Measurement of position is required in many applications. The most common measurement sensor is probably a mechanical potentiometer whereby a position is functionally related to the position of a sliding wiper, movable over a resistive track. The wiper is moved by an actuator whose position is to be measured. Some applications require a large number of sequential measurements, resulting in destructive wear of mechanical potentiometer components.
Accordingly, the inventor believes that it's desirable to have an electronic, non-contact, angle or position sensor, thereby eliminating any mechanical wear between a sensor contact wiper and a resistive track.
Many inventions teach electronic means for measuring position, based upon a broad array of actuators and sensors functionally dependent on physical parameters that change with position. Specific examples of physical parameters and their functional relationships for measurement of position are capacitance, optical, magnetic, electromagnetic, inductive, strain and combinations of these parameters. U.S. Pat. No. 5,773,820 references optical, U.S. Pat. Nos. 6,756,779 and 6,483,295 reference inductive, U.S. Pat. Nos. 6,362,719 and 6,486,767 reference strain gages, U.S. Pat. Nos. 6,809,512, 6,806,701, 6,498,480, 6,779,389, 6,717,399, and 6,798,195 reference magnetic, U.S. Pat. No. 6,393,912 references electromagnetic and U.S. Pat. Nos. 5,736,865 and 6,118,283 reference capacitive.
Published Patent Applications US 2004/0003660, 2004/0168467, 2005/0217366, and 2005/0247124 teach an encapsulated, linear, magnetic sensor, sensing a varying magnetic field from an annular ring magnet diametrically magnetized that is rotated by an actuator. The linear output voltage can be converted to a pulse-width-modulated (PWM) signal for transmission.

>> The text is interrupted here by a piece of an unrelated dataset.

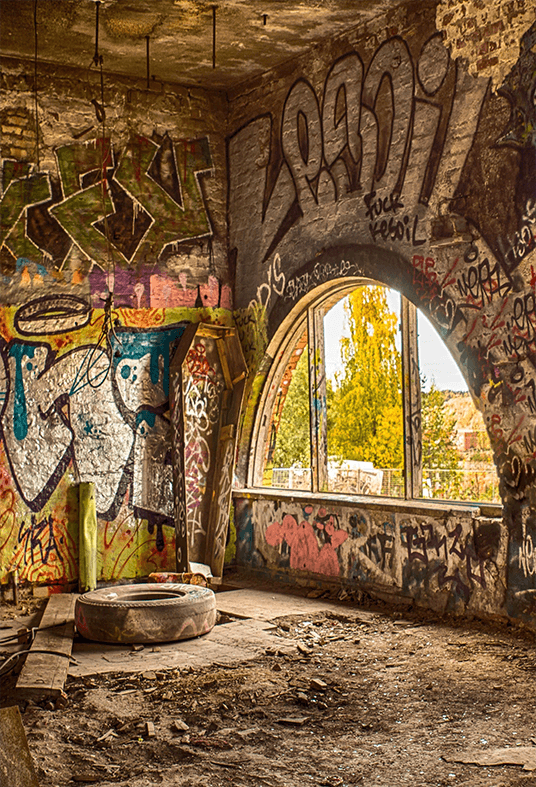Abandoned Factory Colourful Graffiti Backdrop for Photography SBH0177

A generally common technical thread running through these inventions is that a sensor puts out a signal that directly represents the measured parameter. The output signal may be linear or non-linear. If the signal is non-linear it may be processed to develop a linear result. If the signal is a simple change in voltage or resistance, a processing stage can convert the signal to another form for transmission, e.g. a voltage signal may be converted into PWM for transmission.

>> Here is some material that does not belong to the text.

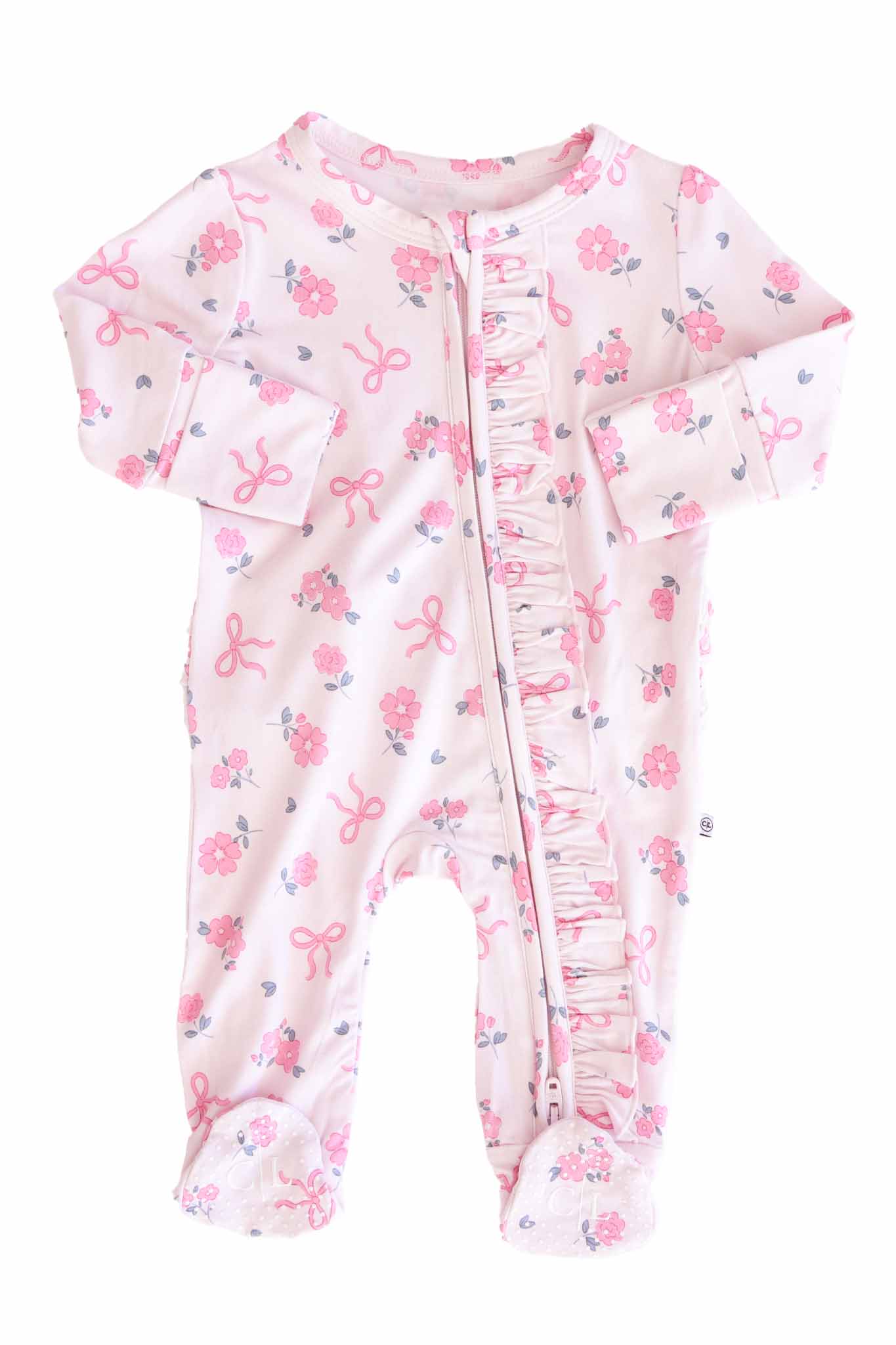 Ribbon & Roses Ruffle Zipper Footie | Pink - Image 2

Another parameter measurement technique is a closed-loop electronic method, balancing or compensating a changing parameter value that can be sensed in a closed-, analog, or digital loop rather than with a direct sensor output signal of a parameter measurement. In this case a second, controlled signal is used to generate a variable value of the parameter being measured. A sensor is used to detect the difference or superimposed interaction between the parameter signal to be measured and a secondary, controlled parameter value signal. When the controlled value and the unknown value match, i.e. balance, the sensor puts out a signal disclosing the match that is not dependent on the matching values. The value of the control signal needed for the secondary parameter value to match the unknown parameter value determines the value of the unknown signal. This is sometimes called a null or balance measurement. The parameter may be any generated physical signal such as from force, position, angle or magnetic field. A simple balance scale is an example of a force balancing measurement. An unknown weight in one tray is balanced by varying a known weight in the other tray until the scale pointer is at zero. The unknown weight then matches the known weight. The scale pivot only has to be good at zero balance. Accuracy is determined mostly by accuracy of the known weights that are used to balance the scale. The scale pivot reads zero at balance regardless of the weight being measured.
Force balance methods of measurement are well known to those skilled-in-the-art. U.S. Pat. No. 6,618,325 describes a single-coil geophone that uses a force-balance. U.S. Pat. No. 6,496,348 teaches a force-balance feedback measurement with a capacitive sensor. Magnetic field cancellation or balance for measuring current is taught in U.S. Pat. No. 4,596,950. Null detection is used in U.S. Pat. No. 6,750,751 develop an integrated circuit signal isolator, including a feedback coil coupled to the output of the magnetic field sensor.
A major advantage of these signal balance methods is that the sensor does not have to develop a highly linear output or have a low temperature drift at all values of the measured parameter; many sensors have zero or very low temperature coefficients near zero signal field. Its sensor should be highly repeatable at the value of the trip or trigger point that is usually, but not necessarily, at zero force or field. It's also desirable for the sensor to be very sensitive to any change in the measured parameter. Finally, its necessary for the compensating or balancing signal to be accurately controllable in order to determine the balance, e.g. the accuracy of known weights used on a weight balance scale. Although force or field balancing has been used in many fields, the inventor believes that a direct application to position, or angular measurement in a pedal position or fuel level sender application is not known. No single, electronic, non-contact angular measurement sensor has proven to be completely satisfactory for all vehicular applications, such as fuel level senders, throttle position sensors, and pedal position sensors . Per-unit cost, even in large volume, is often too great and becomes the limiting factor for commercial success of an electronic angle or position sensor for vehicles. Accordingly, the inventor considers it desirable to have a non-contact or long-life sensor for measuring angle or position that is cost competitive with mechanical methods.